And what about the other Dragons? (i.e., the ones at Dragon's Peak) Do you really think she'd want to go to them? Think about it. Your world's been turned inside out. The ones you thought stood for all that was holy and good in the world turned out to be murderers and liars. So many lies twisted one upon the other that you can't even tell where they end and the truth begins. What's more, you believed them for so long. And ironically, the most you learned about truth came from humans and even a Mazoku! Could you really trust another Dragon, especially as sheltered as you'd been? How do you know they won't lie either? How do you know they won't try to kill Val when your back is turned?

The very end of TRY shows a happy ending for her, but do you really think it was as easy as that? "And they all lived happily ever after..." Let's look at this realistically.

She likely had a hefty traveling budget to begin with, but how much do you think was left by the end? How much money do you think Jillas and Gravos had? Where did they stay? How did they get food? More to the matter, how did they get the money to buy that place and start a business? All that takes money. Those are just the obvious expenses.

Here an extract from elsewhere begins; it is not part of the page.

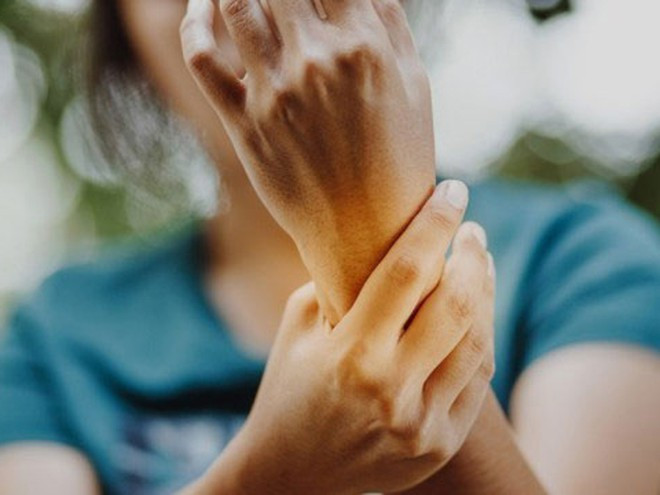 Rượu ớt có thể điều trị viêm khớp rất hiệu quả mà không gây tác dụng phụ. Ảnh minh họa: SHUTTERSTOCK Rượu ớt có thể điều trị viêm khớp rất hiệu quả mà không gây tác dụng phụ. Ảnh minh họa: SHUTTERSTOCK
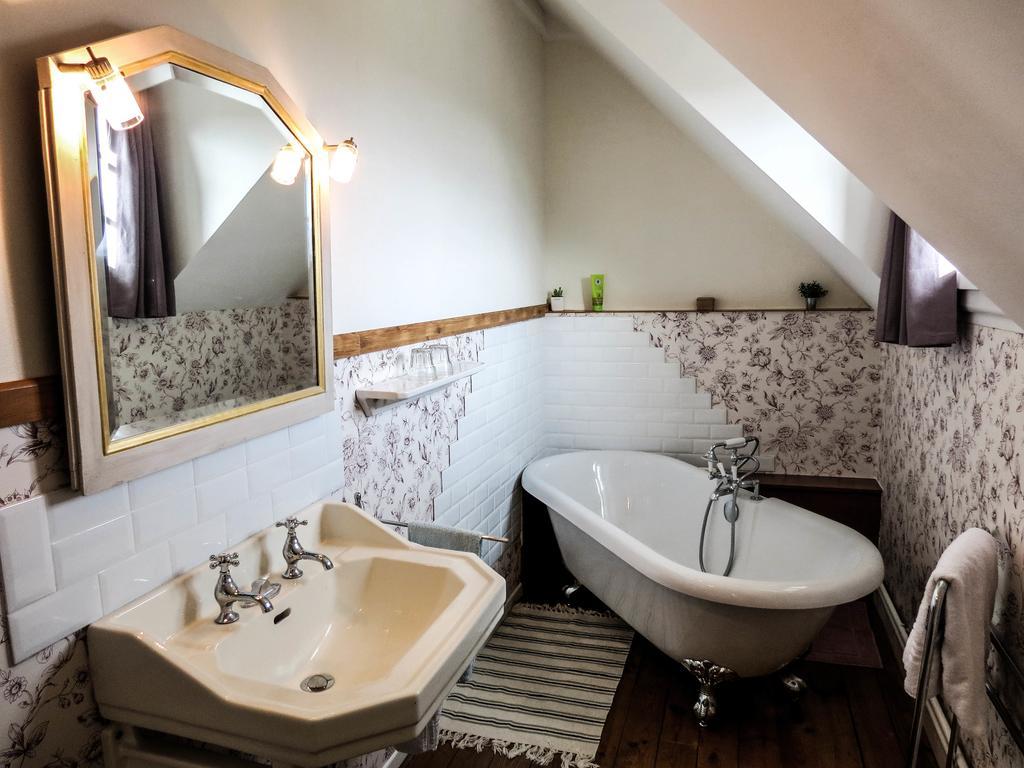 La Passerelle Des Corton B&B Aloxe-Corton Rum bild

Imagine if you will what being in Filia's shoes is like. You're not quite fully an adult, just a teenager, and you've never questioned the answers given to anything in your life. Black is black and white is white. You're assured of who you are, what you are, and your place in the world. You have very little questions, and many, many answers. Then you find out everything's a lie. Your family? You've discovered you're expendable to them. All the beliefs and values they've instilled in you? Lies. So many lies all tangled up within one another, how can you possibly begin to tell where the truth begins, if there's any truth at all? And to top it off, every last one of them dies before you can even ask them why, let alone get any sense of closure.

You've never really had to worry about anything before. Where would your clothes come from? What about soap? A roof over your head and food on the table? You've never had to worry about your basic needs, and you have only a vague idea of what goes into running a household. And now, abruptly, you find yourself alone and forced to find out, not just for yourself but for a child you've adopted, someone orphaned by the deeds and lies of your family.

You know nothing of raising a child, and your purse is a bit light. You have a couple friends to help out, but it's still difficult. You know your first objective is to try to get enough money to buy a place to live; inns are expensive, after all, and once you have a stationary place, you can try to sell some crafts you know you can make. Even if you get a windfall and get a decent deal on a house that's mostly furnished when an old widow moves out to live with her son's family, you're still not out of the woods.

It costs money to set up a shop. Food costs money. Your dress has become a bit worn from all the traveling, and so have your boots. Can you afford new clothes? Do you even know how to sew your own? You can't exactly go into JoAnn's Fabrics and pick up a pattern in those days, and store-bought clothes are rather pricey. No. Your boots, you'll have to figure out a way to make do, repair the soles if necessary. You find a trunk of old, out of style dresses in the cellar, but none of them fit. You get practical and piece dresses together, trying to find things that don't clash too much, and try to make them look somewhat presentable.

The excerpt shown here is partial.